Spotlight
New Scholarship Rewards Students for Acts of Kindness
Southern Virginia University will now offer a new scholarship for returning students, the John B. Matheson Jr. Kindness Scholarship. The scholarship will annually award $500 to two returning students — one male and one female — who have worked to make kind acts a part of their daily lives.
The scholarship is funded by Dr. Mark Matheson, a volunteer professor of business at Southern Virginia, in honor of his father.
“[He] was always a kind, gentle man as well as a real gentleman,” Kristine Matheson, former volunteer public affairs manager for the university, said of her father-in-law. “He was always kind and always conscientious of others’ needs around him.”
John B. Matheson served in the United States army during its occupation of Frankfurt, Germany. While there, he learned a lesson of charity and kindness — a lesson that was later retold by Thomas S. Monson, president of The Church of Jesus Christ of Latter-day Saints, in his talk at the 2010 Christmas devotional, titled “A Bright Shining Star.”
Regarding the power of kindness, John B. Matheson once said, “In the Sermon on the Mount, Jesus said, ‘Ask, and it shall be given you; seek, and ye shall find; knock, and it shall be opened unto you.’ I have found that the answer to important matters may be controlled or achieved by seemingly unimportant things. … All I needed to do was knock. And what did that knocking consist of? A simple act of kindness and courtesy.”
Mark Matheson also has a firm belief in the power of kindness.
“One of my basic pieces of advice to students has always been, ‘You’re never going to be the smartest, you’re never going to be the best looking, but you can be the nicest.
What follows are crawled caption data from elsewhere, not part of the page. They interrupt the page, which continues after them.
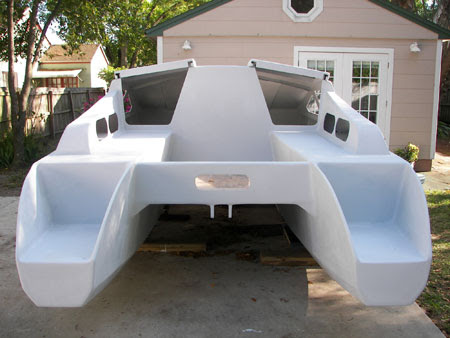 Homemade sailing boat plans David Chan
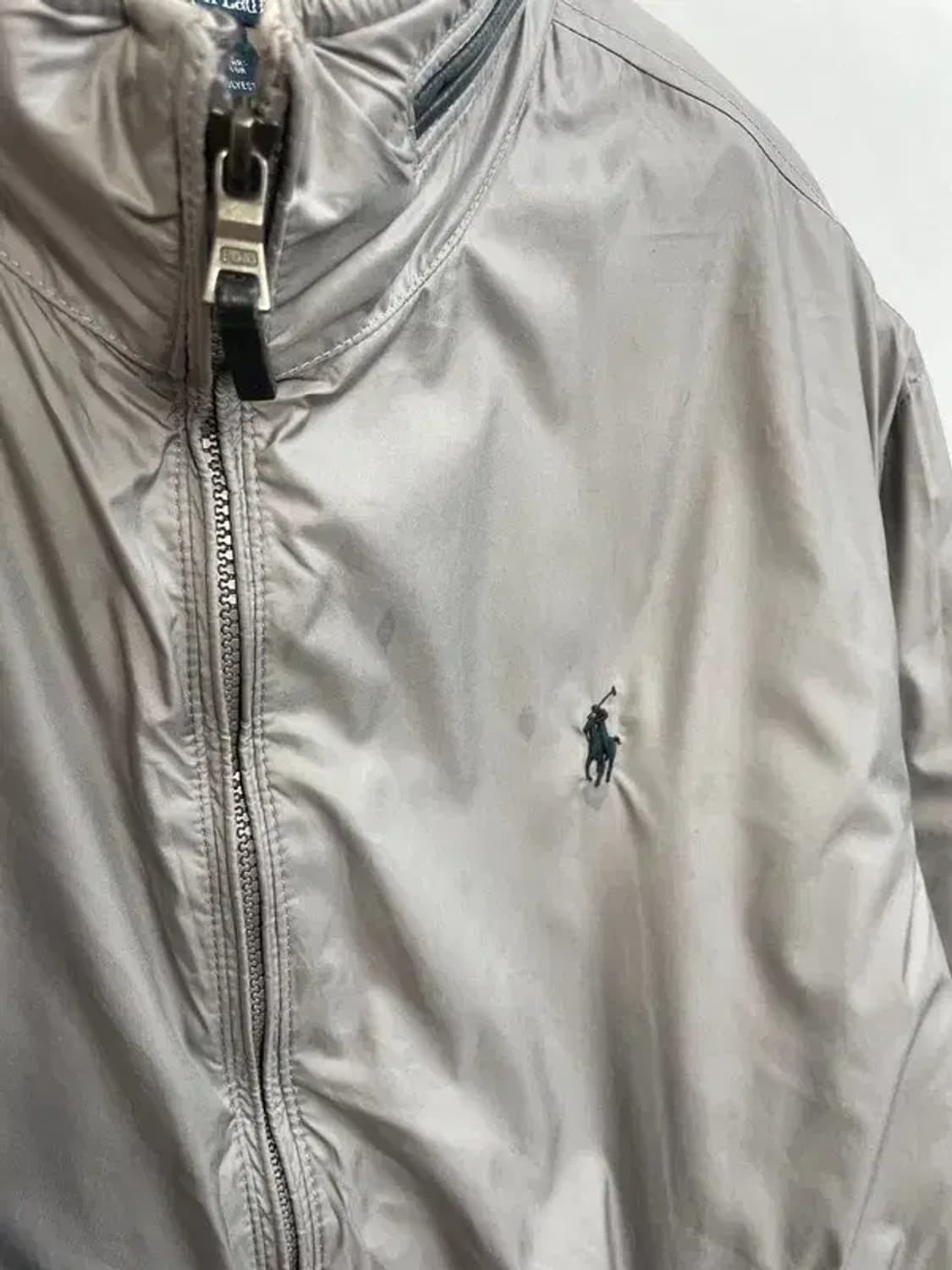 라지 폴로랄프로렌 메탈릭 폴리쉘 페리 자켓 상품이미지7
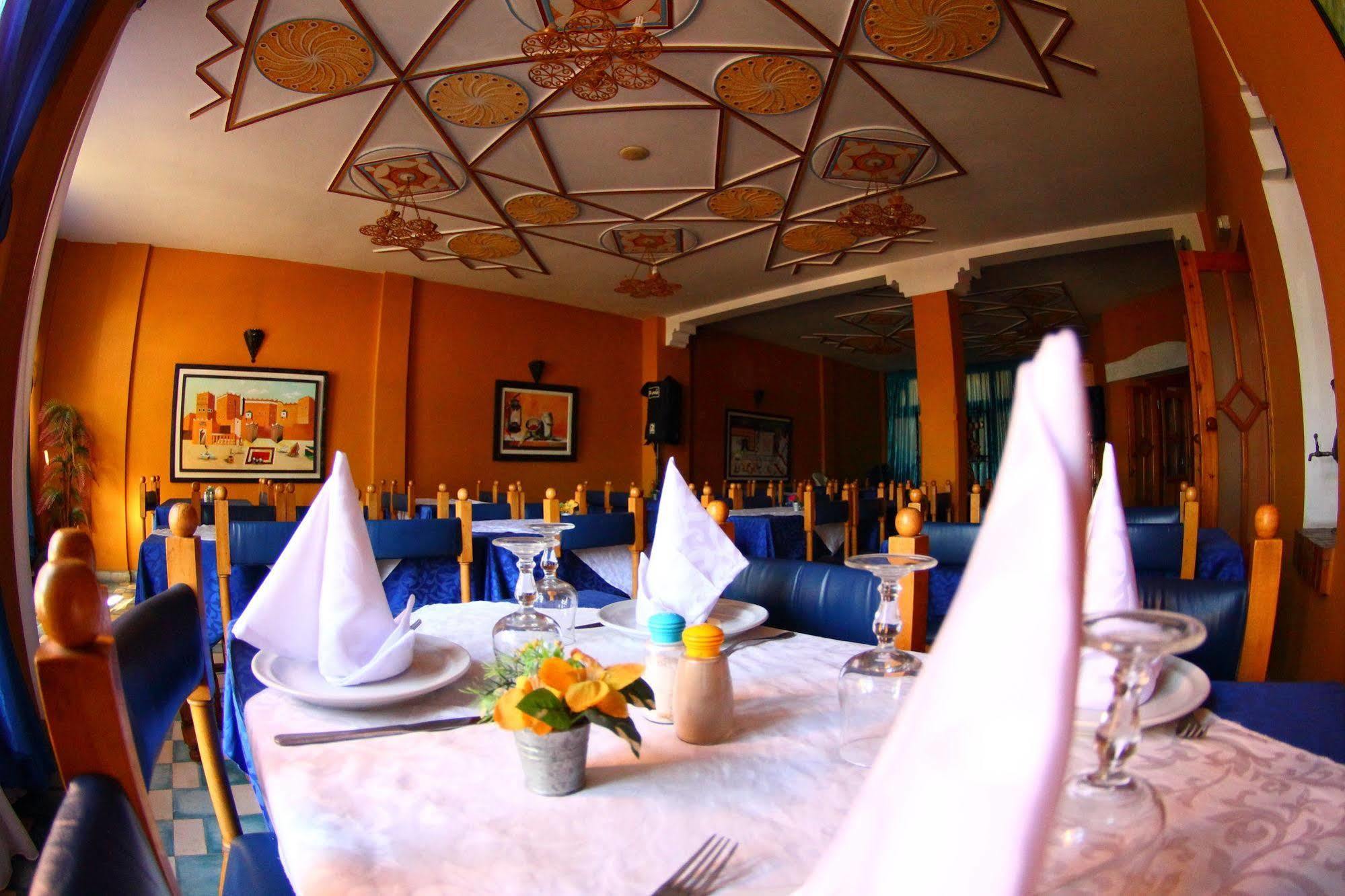 Hotel Auberge Du Littoral Aourir Eksteriør billede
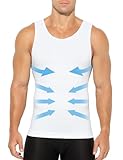 Casey Kevin Herren Kompressionsshirts Athletic Shapewear ärmellos Baselayer...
That is within our realm of possibility,’” he said. “I challenge them, when they leave Southern Virginia, to make someone think, ‘That was the nicest person I ever met.’”
Mark Matheson’s hope is that this scholarship will not only inspire students to incorporate kindness into their actions on a daily basis, but also encourage students to take note of the kind acts performed by those around them.
“I want to have students be thinking more about kindness every day,” said Mark Matheson. “So if this scholarship can be a small prick to their conscience to think less of themselves and more about others, then it’s well worth the money.”
Students, staff and faculty will nominate students whom they see as examples of charity and kindness. The Scholarship Committee will then review the nominees and select the recipients, who will be announced at the final forum of the semester.